The heavy lifting myth, debunked
If you've been avoiding the gym because you think you need to lift heavy weights to build muscle, new research in The Journal of Physiology has liberating news. When researchers had participants perform resistance training with either heavy loads (70-80% of their one-rep max) or light loads (30-40% of their one-rep max) for 10 weeks, they found identical muscle growth in both groups, provided that both groups trained to failure. The study tracked multiple measures of hypertrophy, from whole-body lean mass to individual muscle fiber size, and consistently found no advantage to lifting heavier weights. Even more interesting, the hypertrophic response was relatively conserved within individuals regardless of which load they used, suggesting your inherent biology matters more than the specific weight on the bar. This debunks the persistent myth that you must lift heavy to gain significant muscle. The keys are: lift loads you can tolerate, train close to failure, accumulate volume over time, progress consistently, and stop obsessing over finding the "optimal load." For many people, lighter weights mean lower injury risk and better exercise adherence, which ultimately matters more than any theoretical advantage of heavier loading. Pick weights that allow you to train hard, safely, and consistently.

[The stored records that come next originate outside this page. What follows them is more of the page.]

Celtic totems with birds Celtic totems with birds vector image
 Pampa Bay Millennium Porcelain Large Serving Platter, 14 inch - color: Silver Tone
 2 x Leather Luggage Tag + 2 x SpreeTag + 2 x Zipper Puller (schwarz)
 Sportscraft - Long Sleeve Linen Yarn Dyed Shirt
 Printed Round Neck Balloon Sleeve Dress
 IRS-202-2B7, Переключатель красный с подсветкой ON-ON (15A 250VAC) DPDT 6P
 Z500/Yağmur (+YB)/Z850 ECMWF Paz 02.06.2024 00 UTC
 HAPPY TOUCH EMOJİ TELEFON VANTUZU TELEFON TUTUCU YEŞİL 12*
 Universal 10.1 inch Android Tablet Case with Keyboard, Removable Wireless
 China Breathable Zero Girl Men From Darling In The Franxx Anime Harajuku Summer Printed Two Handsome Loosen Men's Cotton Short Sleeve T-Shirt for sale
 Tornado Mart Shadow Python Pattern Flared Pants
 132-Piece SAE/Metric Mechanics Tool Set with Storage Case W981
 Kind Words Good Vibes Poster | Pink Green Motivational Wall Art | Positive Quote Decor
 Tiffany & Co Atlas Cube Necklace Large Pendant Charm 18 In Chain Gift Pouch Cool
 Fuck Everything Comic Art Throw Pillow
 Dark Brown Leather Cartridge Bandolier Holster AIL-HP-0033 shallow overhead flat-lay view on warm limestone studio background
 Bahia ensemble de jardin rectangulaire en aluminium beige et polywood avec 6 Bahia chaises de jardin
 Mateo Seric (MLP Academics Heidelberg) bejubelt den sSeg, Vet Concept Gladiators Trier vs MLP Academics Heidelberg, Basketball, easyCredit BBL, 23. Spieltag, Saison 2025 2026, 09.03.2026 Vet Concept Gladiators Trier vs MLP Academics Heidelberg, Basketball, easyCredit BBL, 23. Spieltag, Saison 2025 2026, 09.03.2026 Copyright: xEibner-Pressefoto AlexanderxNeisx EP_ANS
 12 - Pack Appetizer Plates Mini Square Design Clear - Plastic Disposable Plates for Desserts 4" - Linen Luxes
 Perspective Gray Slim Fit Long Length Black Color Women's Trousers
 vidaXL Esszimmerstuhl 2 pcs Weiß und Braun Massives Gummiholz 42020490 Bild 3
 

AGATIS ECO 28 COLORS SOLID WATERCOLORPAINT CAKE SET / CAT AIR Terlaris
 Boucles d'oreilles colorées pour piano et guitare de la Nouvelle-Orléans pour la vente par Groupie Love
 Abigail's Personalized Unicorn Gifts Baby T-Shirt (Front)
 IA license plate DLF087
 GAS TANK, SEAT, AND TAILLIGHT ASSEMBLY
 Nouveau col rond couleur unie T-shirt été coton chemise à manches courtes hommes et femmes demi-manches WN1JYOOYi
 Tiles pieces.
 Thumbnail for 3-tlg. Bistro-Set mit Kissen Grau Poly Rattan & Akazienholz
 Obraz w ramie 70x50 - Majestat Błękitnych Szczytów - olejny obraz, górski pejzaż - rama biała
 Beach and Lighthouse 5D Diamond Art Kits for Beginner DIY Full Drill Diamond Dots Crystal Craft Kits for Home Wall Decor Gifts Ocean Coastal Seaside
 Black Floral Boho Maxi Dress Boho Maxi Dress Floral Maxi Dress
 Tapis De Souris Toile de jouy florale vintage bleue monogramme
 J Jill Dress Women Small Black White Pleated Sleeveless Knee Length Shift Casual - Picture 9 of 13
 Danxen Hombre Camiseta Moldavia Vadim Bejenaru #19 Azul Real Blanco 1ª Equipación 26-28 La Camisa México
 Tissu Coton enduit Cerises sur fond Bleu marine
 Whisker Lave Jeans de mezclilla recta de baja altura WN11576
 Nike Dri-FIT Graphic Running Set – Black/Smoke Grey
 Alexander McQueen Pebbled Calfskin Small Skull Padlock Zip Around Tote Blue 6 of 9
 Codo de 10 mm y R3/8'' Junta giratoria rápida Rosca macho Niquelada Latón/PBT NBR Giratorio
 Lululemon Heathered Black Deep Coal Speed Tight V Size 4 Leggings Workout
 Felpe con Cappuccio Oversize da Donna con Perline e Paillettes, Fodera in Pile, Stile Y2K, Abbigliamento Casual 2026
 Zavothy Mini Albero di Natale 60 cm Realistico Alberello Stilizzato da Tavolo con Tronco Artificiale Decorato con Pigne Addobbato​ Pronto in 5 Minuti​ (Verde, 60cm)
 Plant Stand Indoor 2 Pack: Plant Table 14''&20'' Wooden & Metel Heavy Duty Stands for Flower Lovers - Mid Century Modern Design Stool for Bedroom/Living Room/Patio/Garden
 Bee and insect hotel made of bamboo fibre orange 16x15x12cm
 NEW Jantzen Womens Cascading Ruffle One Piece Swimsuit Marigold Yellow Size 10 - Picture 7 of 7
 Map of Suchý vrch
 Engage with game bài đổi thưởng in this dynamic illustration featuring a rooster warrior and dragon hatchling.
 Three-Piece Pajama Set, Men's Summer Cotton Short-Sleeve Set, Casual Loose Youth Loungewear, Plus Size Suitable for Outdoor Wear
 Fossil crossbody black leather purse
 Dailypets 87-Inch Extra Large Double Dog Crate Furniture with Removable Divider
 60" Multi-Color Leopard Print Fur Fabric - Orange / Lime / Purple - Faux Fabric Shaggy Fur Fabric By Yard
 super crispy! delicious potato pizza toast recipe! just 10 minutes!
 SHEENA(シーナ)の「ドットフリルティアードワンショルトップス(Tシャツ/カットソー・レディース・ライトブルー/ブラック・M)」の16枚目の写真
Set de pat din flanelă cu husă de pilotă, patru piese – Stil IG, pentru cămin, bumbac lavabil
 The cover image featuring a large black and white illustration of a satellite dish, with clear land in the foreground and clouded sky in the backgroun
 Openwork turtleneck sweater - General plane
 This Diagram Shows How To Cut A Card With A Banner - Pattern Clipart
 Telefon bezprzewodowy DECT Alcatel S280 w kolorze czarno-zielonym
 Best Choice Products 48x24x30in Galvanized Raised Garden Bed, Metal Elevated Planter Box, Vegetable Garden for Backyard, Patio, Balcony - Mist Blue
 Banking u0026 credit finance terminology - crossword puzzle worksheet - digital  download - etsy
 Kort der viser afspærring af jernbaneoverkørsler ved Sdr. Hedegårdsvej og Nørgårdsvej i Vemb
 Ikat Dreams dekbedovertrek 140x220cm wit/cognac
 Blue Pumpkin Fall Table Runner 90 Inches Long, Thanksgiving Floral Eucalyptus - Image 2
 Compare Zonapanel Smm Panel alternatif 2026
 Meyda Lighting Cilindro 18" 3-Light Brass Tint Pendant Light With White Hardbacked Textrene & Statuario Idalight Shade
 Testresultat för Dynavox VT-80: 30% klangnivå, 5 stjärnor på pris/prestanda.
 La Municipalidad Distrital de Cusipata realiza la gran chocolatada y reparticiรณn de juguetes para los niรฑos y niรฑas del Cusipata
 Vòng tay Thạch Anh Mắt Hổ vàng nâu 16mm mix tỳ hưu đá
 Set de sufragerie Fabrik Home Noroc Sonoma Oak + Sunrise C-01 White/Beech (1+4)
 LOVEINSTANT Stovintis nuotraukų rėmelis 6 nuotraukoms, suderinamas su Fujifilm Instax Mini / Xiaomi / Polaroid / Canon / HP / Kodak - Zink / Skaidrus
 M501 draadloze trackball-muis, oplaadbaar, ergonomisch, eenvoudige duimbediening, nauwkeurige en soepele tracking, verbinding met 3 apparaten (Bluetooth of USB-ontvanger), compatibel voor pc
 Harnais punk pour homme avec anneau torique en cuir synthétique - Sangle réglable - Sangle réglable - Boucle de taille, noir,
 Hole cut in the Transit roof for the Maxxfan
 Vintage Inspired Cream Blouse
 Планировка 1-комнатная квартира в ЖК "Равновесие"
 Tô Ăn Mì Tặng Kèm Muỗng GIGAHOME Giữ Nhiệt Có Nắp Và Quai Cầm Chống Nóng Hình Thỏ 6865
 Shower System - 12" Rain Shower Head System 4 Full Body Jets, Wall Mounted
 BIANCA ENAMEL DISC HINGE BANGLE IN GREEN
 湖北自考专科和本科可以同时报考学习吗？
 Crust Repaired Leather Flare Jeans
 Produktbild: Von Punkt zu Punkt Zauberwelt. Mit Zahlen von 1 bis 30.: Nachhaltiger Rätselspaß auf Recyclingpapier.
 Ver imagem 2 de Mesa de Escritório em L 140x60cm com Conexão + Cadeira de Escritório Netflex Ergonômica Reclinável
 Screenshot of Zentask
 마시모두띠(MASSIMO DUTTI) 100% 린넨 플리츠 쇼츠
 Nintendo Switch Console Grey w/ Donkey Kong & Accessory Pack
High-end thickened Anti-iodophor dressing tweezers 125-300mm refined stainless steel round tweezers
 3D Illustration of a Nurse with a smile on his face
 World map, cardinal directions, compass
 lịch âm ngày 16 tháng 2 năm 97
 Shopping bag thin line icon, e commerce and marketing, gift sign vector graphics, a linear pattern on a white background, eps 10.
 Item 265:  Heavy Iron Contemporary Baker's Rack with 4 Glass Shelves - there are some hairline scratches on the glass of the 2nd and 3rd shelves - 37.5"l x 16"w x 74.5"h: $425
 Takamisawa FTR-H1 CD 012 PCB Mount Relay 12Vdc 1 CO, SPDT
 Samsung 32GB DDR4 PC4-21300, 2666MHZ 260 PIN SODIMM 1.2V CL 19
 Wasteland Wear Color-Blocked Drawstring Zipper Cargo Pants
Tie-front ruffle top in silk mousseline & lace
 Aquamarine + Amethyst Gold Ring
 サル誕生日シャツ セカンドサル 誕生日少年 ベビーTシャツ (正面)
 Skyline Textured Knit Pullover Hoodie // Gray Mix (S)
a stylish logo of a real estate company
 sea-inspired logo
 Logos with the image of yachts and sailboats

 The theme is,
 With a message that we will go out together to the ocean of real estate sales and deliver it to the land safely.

Intermittent fasting doesn't work without eating less
If you've been practicing intermittent fasting primarily for the metabolic benefits, a new study might change how you think about why it works. The ChronoFast trial, published in Science Translational Medicine, investigated whether an eight-hour eating window could enhance insulin sensitivity and cardiovascular health while maintaining the same calorie intake. Researchers followed 31 women with overweight or obesity through two different eating schedules (early window from 8 a.m. to 4 p.m. and late window from 1 p.m. to 9 p.m.), carefully controlling for identical calorie and nutrient intake. The result? No measurable improvements in insulin sensitivity, blood sugar, blood fats, or inflammatory markers. The only change observed was a shift in circadian rhythms, with participants' internal clocks moving by about 40 minutes based on meal timing. This aligns with what I've always believed about intermittent fasting: it's effective because it spontaneously reduces calorie intake, not because food intake is compressed into a shorter window. The good news is that most people will naturally eat less when they practice intermittent fasting, which is where the real benefits come from. To be confident it's working, track your calorie intake for a few days and ensure it's actually lower than it would be without the fasting window.